土井香苗 国際NGOヒューマン・ライツ・ウォッチ日本代表

 イエメンの16歳の少女アフラは言った。

 「大学に行って弁護士になりたかったけど、もうだめね。だって赤ちゃんを産むんだもの」

 彼女の瞳は夢破れた憂いに沈んでいた。

 ヒューマン・ライツ・ウォッチの調査員ナディヤ・ハリーフェ(在ベイルート、http://www.hrw.org/bios/nadya-khalife)が、2009年に中東・イエメンを調査した際に出会った少女アフラ。当時16歳だった少女アフラは結婚5カ月目で妊娠していた。弁護士の夢は無理でも、せめて卒業まで学校に通いたいという彼女の願いも、父親から却下されてしまった、と言っていた。
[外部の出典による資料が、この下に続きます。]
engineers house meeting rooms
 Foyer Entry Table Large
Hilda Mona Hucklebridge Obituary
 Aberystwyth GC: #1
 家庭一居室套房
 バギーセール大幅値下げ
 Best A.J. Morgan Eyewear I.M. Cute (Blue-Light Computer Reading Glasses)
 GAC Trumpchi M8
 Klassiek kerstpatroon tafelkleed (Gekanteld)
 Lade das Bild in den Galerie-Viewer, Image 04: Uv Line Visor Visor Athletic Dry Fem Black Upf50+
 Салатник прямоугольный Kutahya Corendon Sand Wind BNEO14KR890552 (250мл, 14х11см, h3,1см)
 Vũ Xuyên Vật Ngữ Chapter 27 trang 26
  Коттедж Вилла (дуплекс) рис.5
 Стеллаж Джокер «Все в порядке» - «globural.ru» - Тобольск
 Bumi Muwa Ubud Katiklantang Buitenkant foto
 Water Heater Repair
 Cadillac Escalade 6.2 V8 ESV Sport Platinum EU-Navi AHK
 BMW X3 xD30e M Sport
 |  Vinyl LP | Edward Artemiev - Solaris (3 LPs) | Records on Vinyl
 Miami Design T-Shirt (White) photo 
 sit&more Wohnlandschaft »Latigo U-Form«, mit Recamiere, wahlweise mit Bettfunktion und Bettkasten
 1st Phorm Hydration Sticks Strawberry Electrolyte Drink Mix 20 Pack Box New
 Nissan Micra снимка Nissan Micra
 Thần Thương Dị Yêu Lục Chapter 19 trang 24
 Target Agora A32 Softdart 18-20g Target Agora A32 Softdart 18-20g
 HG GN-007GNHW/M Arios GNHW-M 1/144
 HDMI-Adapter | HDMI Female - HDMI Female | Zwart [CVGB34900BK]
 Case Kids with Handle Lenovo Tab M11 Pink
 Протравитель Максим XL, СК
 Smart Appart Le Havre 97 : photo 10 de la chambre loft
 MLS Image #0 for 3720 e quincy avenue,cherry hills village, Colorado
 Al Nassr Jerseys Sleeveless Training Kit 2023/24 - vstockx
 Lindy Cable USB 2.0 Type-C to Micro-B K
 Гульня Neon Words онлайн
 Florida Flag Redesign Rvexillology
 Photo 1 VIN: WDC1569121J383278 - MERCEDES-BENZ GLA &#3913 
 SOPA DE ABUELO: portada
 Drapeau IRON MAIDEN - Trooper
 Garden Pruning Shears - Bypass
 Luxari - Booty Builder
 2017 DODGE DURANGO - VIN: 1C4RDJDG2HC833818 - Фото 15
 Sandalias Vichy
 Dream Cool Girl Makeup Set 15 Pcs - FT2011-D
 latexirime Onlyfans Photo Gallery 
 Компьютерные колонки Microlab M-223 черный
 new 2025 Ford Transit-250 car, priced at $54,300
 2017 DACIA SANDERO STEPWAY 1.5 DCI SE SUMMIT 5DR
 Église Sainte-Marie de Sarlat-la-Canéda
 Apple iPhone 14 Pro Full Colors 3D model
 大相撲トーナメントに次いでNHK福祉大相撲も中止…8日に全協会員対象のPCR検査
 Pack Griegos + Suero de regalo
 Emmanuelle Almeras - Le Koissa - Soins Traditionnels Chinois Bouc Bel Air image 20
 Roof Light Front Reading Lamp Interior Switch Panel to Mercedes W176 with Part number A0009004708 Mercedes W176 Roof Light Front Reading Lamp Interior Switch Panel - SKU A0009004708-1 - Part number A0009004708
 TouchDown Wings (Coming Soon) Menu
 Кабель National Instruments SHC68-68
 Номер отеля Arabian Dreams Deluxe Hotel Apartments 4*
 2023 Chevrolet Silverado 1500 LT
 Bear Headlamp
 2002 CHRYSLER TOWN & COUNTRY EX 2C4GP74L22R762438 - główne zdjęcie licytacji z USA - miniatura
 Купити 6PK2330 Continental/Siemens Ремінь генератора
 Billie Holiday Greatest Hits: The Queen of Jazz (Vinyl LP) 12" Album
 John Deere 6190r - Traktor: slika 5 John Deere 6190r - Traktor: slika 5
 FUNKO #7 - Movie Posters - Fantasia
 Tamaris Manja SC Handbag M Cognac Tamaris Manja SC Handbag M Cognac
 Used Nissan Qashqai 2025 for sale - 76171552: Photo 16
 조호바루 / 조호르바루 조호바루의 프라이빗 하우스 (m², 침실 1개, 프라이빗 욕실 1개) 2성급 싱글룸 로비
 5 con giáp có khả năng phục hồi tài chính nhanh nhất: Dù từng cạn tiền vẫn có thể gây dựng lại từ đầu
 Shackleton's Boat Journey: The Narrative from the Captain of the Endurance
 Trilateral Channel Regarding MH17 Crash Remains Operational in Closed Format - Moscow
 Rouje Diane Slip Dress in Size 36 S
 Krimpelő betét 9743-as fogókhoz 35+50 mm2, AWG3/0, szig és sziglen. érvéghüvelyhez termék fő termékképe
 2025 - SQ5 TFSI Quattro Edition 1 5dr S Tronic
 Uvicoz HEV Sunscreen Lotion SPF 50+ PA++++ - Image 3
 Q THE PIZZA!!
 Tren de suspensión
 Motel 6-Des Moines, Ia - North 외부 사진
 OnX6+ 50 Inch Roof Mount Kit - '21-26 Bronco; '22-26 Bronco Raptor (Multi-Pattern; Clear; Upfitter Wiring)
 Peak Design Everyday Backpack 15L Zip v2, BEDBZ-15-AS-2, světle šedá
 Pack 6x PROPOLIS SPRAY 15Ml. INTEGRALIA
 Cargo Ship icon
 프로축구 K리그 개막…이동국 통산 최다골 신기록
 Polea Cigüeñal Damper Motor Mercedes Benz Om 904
 将来の夢も学校も諦めたアフラ。しかし、彼女は特別ではない。悲しいことに、2011年12月に報告書として公表(http://www.hrw.org/ja/news/2011/12/08-0)されたハリーフェ調査員によるイエメンでの調査結果は、前出の少女アフラが、少女時代に結婚を強制された結果夢を諦めた大勢のイエメン人少女のひとりに過ぎないことを示している。

 全世界で、児童婚させられている少女は約5000万人と言われるが、なかでもイエメンはその傾向が顕著な国のひとつだ。イエメン政府と国連のデータ(2006年)によっても、15歳未満で結婚する少女が約14%、18歳未満で結婚する少女は約52%に上る。時には9歳にも満たない幼女まで強制結婚させられているのが現実だ。

 2011年初頭以来、イエメンでも「アラブの春」が吹き荒れ、世界の目は、サレハ大統領の去就など「嵐」の行方に釘づけになっていった。そのなかで、残念ながら、少女の強制結婚をはじめ、日本や米国などの援助国がやっと関心を示し始めていたイエメン社会の様々な喫緊の課題が、忘れられてしまっていた感が否めない。

 そして、とうとう2011年11月、サレハ大統領が辞任に同意した。この移行期の今こそ、イエメンの新指導部が、社会改革の一貫として、この問題に取り組む絶好の機会である。イエメンの次期政権は、少女と女性の人権保護を最優先課題とすべきであり、まずは18歳未満の婚姻を法律で禁止することから始めるべきである。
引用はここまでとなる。